HC concerned over lack of medical infra for critical care patients in govt hospitals

The Delhi High Court on Monday voiced concern over lack of medical infrastructure for critical care patients in government hospitals here and asked the city government whether funds meant for hospitals were being transferred to some other projects.

The high court asked the Delhi government to file a status report giving details of the amount it has spent on strengthening the health sector in the last five years.

A bench of Acting Chief Justice Manmohan and Justice Manmeet PS Arora was informed about an incident on the intervening night of January 2-3 when a man who jumped out of a moving Police Control Room (PCR) van died after being denied treatment by four government hospitals.

The bench, which was hearing a PIL it had initiated on its own in 2017 about non-availability of ICU beds and ventilators in government hospitals here, was told by advocate Ashok Aggarwal, who has been asked to assist the court as amicus curiae in the matter, that the man was denied treatment by three Delhi government and one central government hospital on different pretexts including non-availability of ICU/ ventilator bed or CT scan.

He was taken to the Delhi government-run Jag Pravesh Chandra Hospital, Guru Teg Bahadur Hospital and Lok Nayak Hospital and Centre’s Ram Manohar Lohia Hospital.

The bench questioned the Delhi government counsel why accident victims were not getting admission in hospitals and how it could be that no ventilator beds were available in all these hospitals.

“Where are things going wrong?
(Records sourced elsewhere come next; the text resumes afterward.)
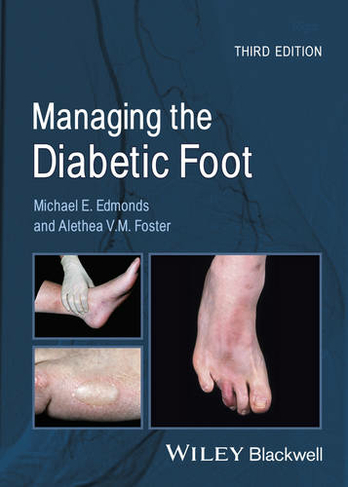 Managing the Diabetic Foot: (3rd edition)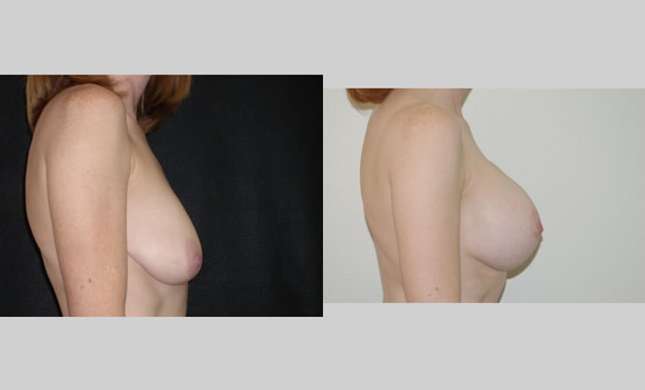 Breast Lift: Image #85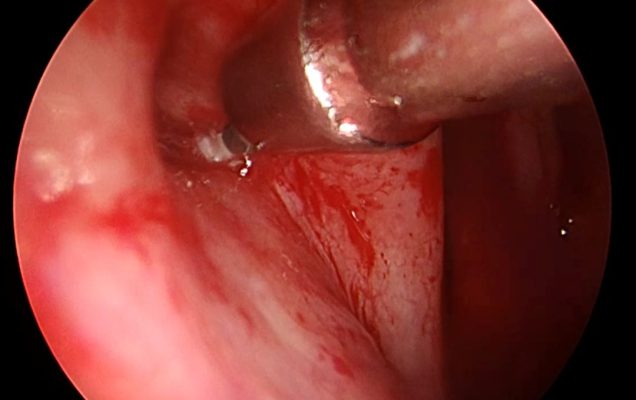 Zdjęcie z kamery operacyjnej.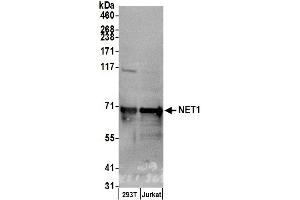 Western Blotting (WB) image for anti-Neuroepithelial Cell Transforming 1 (NET1) (AA 546-596) antibody (ABIN7450485)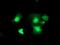 Thymidylate kinase antibody, MA5-25678, Invitrogen Antibodies, Immunocytochemistry image 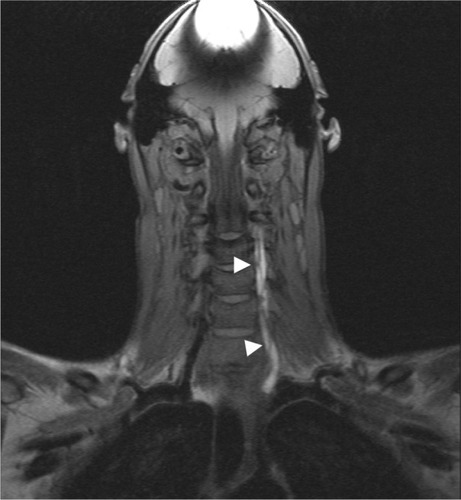 Figure 3 The coronal fat-saturated T1-weighted MRI sequence shows dissection of the left VA (arrow heads).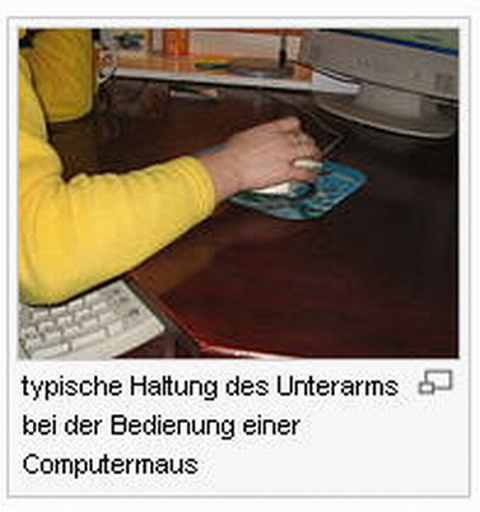 EN:RSI Syndrom typical position forearm during computer mouse position DE: typische haltung des unterarms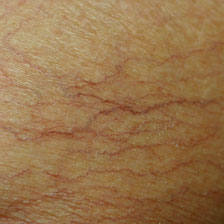 spider veins skin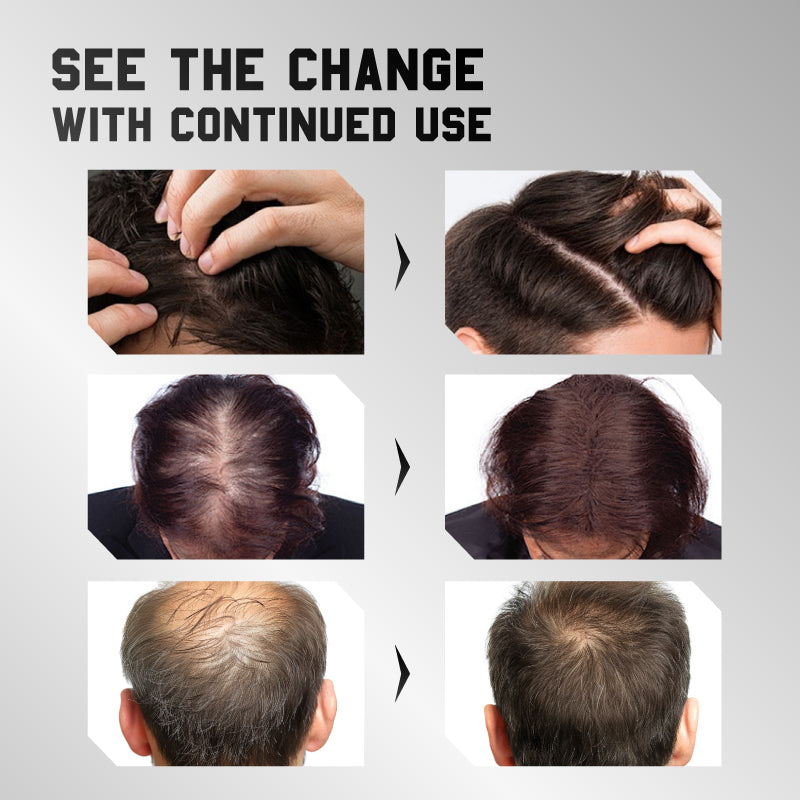 Anti-Breakage Hair Nourishing Essence for Dry and Frizzy Hair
Is proper infrastructure not there? Why are beds not available, what has happened in recent years? Just imagine, in four hospitals a person does not get admission,” Justice Manmohan said, adding the issue was that “infrastructure was not keeping pace with the demand of the growing population of the city”.

The court remarked that earlier the situation in the city was not like this and, in an accident case, admission was immediately granted in the nearest hospital.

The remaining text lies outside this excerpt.